Comida de avión

A mí me gusta la comida de avión. Capaz que soy poco sofisticado. Qué sé yo. Pero me gustan esos pequeños placeres. Morder el hielo redondo del vaso de plástico transparente que recibe la gaseosa bien fría que venía en la lata traída en el carro que bloquea todo el pasillo. Cortar ese pan esférico y ponerle manteca. Abrir el aluminio de la comida caliente y encontrar algo que no está pensado para que entre por los ojos. No, no es comida gourmet, pero estoy arriba de un avión. No hay cocina. Si viajara en Primera sospecho que igual estaría limitado a lo que puede transportarse en esos compartimentos. No me van a hacer un asado en la parrilla del avión, por más que lo exija mientras le encajo el ticket de Primera en la cara a una azafata.

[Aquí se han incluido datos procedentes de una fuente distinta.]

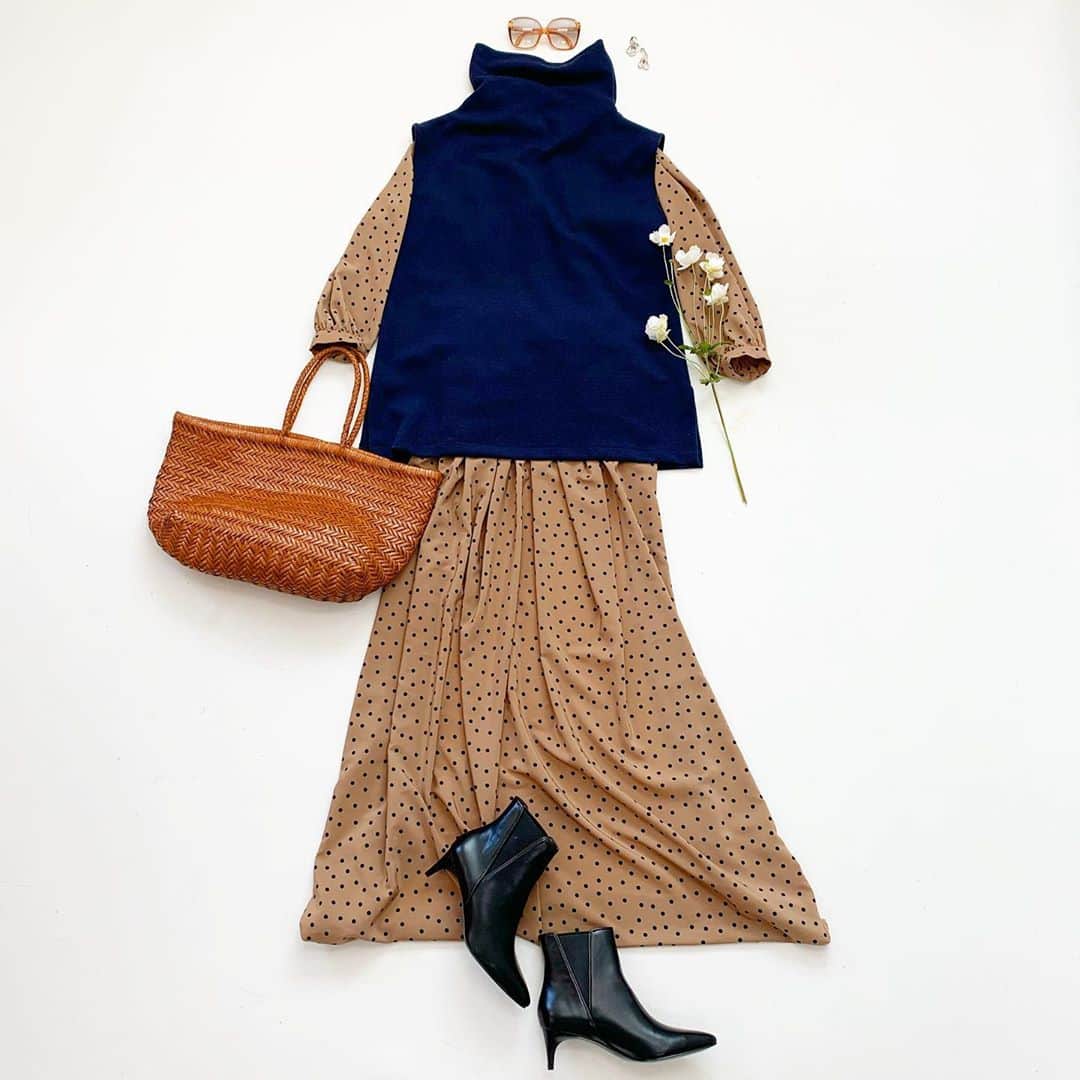 のインスタグラム：「【559】Camouflarge Bottle-neck vest looks cosy and sweet over a dress. As the morning and evening temperatures drop, layering becomes more necessary and also enjoyable🍁 【776】Tripple tiered skirt shown in the 2nd picture is made in a crepe-de-chine with irregular dots. How sweet is this?! 😍 With all that is happening around us, we really want to keep dressing with what makes us filled with joy! 😊  気温差のある季節に なりましたね🍁 流行りのベストは ワンピースに重ねるのも 素敵です✨ 2枚目はボリュームたっぷりのティアードスカート😍この秋はいつも以上に好きな着こなしにこだわりたいです😊 ・ ・  #handmade #sewing#手作り #型紙#ハンドメイド大人服#クルールパターンファブリック#洋裁#instafashion#coordinate #handmadeclothes #mamacoordinate #sewingpattern#置き画#patterns#instasewing#handmadewardrobe #memade #handmadewardrobe #sewcialists #indiesewingpatterns」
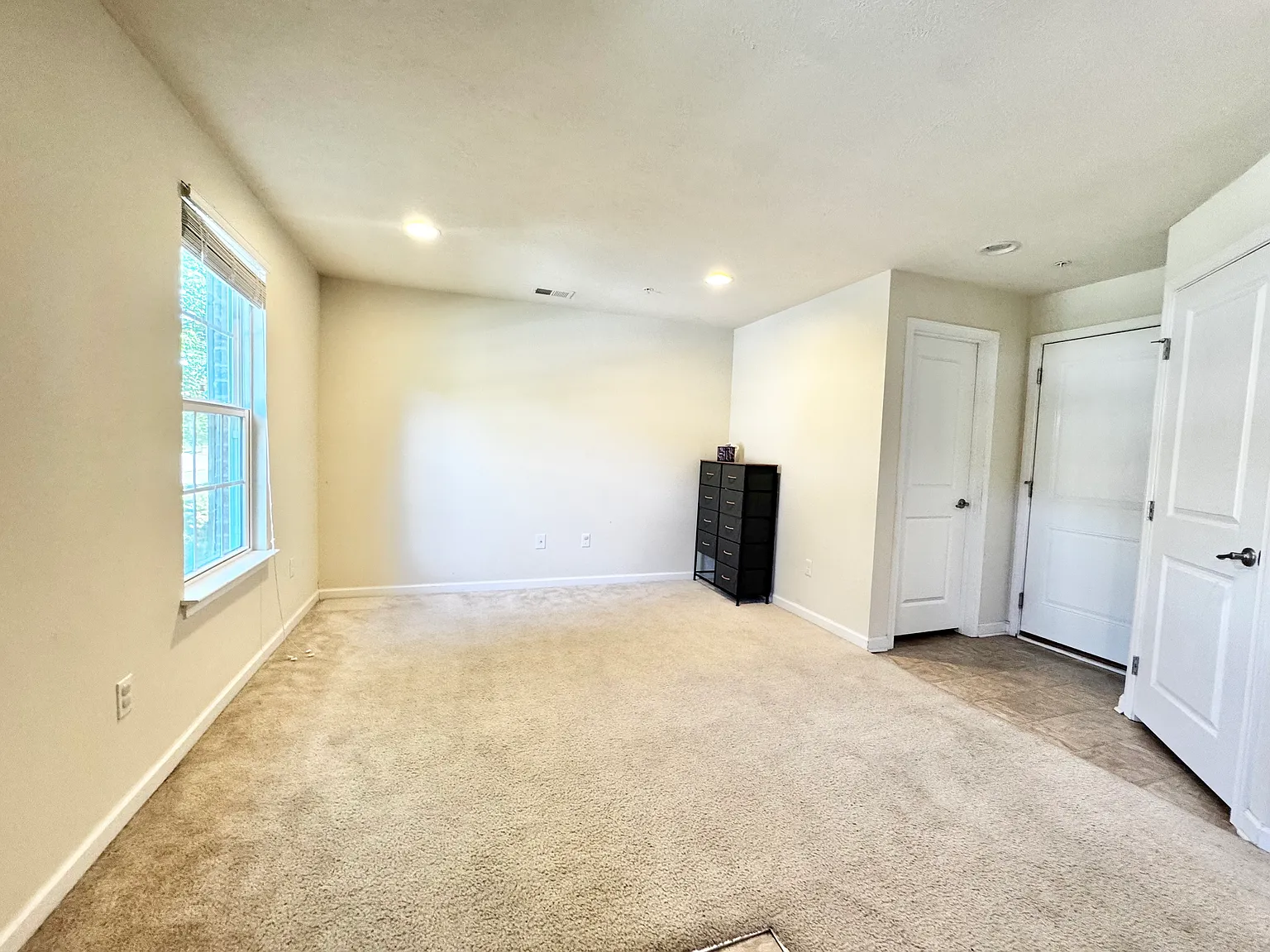 3 bed, 2.5 bath, 1620 sqft, $2,300 — Photo 4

Sería complicado concederme ese deseo. Se llenaría de humo la cabina presurizada y los detectores de los baños sonarían sin cesar. Del mismo modo, tampoco hay horno ni sartén. Si quiero una tortilla de papas tendrá que ser recalentada. Ya es bastante que puedan mantener la comida caliente. Y no tiene mucho gusto. O no a lo que dice ser. El pollo de avión puede confundirse con otras carnes. Uno puede no saber exactamente cuál es el relleno de las pastas. De hecho, todas esas comidas tienen más o menos el mismo gusto. Es el gusto del viaje, de la experiencia de estar volando hacia un lugar lejano. Del entusiasmo de lo que está por venir, o el recuerdo de lo que acaba de pasar.
Entonces, no sé si la comida de avión me gusta por el gusto. No la elegiría en tierra. Pero cuando llega el momento, la disfruto.